Digital consulting companies are often asked to deliver a “data strategy”. A perfectly normal request in a world where data is called “the new oil”.
I am going to give you a non-technology answer of how I approach it if I were to put myself in the shoes of a CEO, CFO, CMO or anyone that needs to use data to execute their KPI’s.
If the source of revenue of any business is to create something (a value proposition for a customer) and to sell it to them at a profit, all data needs to in some way work towards the achievement of that objective.
(Of course, data is also a product a company can sell to third parties in its own right. In my view, that is a separate discussion, as it is then about data being a value proposition with revenue potential.)
We all use data, every day.
Companies use financial data to measure performance. CMO’s and brand managers use data to measure sales and brand performance. Companies use tools like JD Power’s to measure customer satisfaction. Companies “cry” over high churn figures. Companies buy channels on the basis of CPA. Google lives by algorithms. Programmatic buying is based upon algorithms. Consumers compare prices. Market analysts use data to assess share performance. Partners interpret non-verbal signals from other partners as meaningful – or not.
So intuitively, our lives are based upon data.
Data reduces decision-making uncertainty, never by 100%, but some data is often better than no data at all. The wrong data can off course be disastrous.
So the concept of data is widely used, yet therein lies the confusion.
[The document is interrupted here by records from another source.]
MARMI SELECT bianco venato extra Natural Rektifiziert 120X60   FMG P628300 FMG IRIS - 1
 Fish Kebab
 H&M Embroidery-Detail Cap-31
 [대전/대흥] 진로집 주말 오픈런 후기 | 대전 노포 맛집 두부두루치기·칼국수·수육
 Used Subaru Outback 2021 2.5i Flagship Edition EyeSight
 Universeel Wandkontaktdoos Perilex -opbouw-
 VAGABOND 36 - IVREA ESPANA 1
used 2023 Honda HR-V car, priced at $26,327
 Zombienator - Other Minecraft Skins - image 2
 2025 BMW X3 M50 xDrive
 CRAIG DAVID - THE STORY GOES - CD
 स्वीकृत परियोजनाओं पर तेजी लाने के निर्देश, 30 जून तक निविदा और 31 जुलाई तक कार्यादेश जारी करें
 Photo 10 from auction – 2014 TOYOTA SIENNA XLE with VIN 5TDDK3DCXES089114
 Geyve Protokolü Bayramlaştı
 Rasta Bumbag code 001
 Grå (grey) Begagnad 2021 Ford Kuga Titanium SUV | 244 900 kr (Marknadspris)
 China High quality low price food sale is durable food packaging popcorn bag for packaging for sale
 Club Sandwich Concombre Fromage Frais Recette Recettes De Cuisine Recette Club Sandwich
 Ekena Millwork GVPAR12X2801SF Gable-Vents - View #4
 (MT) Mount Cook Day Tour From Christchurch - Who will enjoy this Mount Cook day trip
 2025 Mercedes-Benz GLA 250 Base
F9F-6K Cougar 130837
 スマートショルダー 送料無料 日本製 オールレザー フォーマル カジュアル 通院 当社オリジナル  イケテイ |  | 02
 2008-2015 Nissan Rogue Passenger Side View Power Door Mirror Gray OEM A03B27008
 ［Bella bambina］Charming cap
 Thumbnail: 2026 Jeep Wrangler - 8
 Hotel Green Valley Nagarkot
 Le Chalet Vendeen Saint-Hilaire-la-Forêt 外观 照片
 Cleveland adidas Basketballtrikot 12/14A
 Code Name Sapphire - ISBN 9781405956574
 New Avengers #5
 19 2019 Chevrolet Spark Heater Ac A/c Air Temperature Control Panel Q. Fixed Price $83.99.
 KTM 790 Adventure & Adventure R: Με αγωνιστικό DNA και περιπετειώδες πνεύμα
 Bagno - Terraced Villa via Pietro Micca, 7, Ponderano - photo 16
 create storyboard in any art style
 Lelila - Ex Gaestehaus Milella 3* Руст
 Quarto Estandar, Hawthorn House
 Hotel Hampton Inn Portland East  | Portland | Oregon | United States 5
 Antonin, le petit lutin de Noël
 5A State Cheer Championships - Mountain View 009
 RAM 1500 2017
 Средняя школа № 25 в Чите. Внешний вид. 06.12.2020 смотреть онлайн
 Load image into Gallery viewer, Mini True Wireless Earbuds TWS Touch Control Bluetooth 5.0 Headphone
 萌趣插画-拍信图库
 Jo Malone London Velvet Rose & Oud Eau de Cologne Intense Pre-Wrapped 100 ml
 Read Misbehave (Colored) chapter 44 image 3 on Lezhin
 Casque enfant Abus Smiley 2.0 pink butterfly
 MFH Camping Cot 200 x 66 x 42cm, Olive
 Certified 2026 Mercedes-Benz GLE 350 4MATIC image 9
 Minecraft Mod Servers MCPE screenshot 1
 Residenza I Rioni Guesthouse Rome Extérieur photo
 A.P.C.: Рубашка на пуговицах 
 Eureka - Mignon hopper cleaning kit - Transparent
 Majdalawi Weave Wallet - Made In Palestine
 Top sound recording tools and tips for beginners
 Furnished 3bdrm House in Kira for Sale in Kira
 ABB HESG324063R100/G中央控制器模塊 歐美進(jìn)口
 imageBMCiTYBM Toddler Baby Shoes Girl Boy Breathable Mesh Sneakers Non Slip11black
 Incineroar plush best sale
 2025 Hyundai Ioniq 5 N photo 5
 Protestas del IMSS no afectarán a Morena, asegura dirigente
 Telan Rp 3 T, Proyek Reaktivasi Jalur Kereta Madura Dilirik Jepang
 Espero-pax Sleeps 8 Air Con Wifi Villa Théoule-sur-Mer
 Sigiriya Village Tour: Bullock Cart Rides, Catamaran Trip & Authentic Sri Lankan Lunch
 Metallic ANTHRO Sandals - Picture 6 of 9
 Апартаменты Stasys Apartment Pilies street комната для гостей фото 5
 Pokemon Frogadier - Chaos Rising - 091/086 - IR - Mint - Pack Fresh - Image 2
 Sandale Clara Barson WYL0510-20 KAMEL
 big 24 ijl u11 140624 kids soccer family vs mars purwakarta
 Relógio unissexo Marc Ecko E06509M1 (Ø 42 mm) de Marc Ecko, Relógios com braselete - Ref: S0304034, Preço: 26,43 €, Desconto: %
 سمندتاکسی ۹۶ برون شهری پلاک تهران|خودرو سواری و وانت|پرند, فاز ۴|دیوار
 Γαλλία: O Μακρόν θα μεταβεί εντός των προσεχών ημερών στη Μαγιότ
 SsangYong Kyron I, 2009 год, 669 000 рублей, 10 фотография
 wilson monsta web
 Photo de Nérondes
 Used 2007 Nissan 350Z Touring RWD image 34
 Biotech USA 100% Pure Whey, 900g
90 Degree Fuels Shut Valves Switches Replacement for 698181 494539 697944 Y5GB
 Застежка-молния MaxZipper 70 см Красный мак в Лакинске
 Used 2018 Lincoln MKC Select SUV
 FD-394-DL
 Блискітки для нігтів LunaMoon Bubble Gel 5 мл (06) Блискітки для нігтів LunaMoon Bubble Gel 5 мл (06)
All data discussions need to start with a business and/or marketing objective. Do we want to sell more? Sell for a better margin? Fight competition? Change perceptions? Grow market share?
A data strategy needs an imperative, it is not an end in itself. Likewise, customer centricity is pursued for a purpose. Without purpose, a data strategy will be devised in a void.
This can be as simple as a workshop deciding what data drives the business and assessing the current status of such data. The outcome is to decide what to do about it. What will the data be used for? If it is about becoming more “customer-centric,” what does that mean within a given organisation (when do customers see a brand as being customer-centric)? What priorities will determine that?
For most companies, it starts with simply talking to their customers in a more relevant and personal way. Regardless of the company, customers do not like to feel like numbers. In the very least, they expect courtesy from brands they support.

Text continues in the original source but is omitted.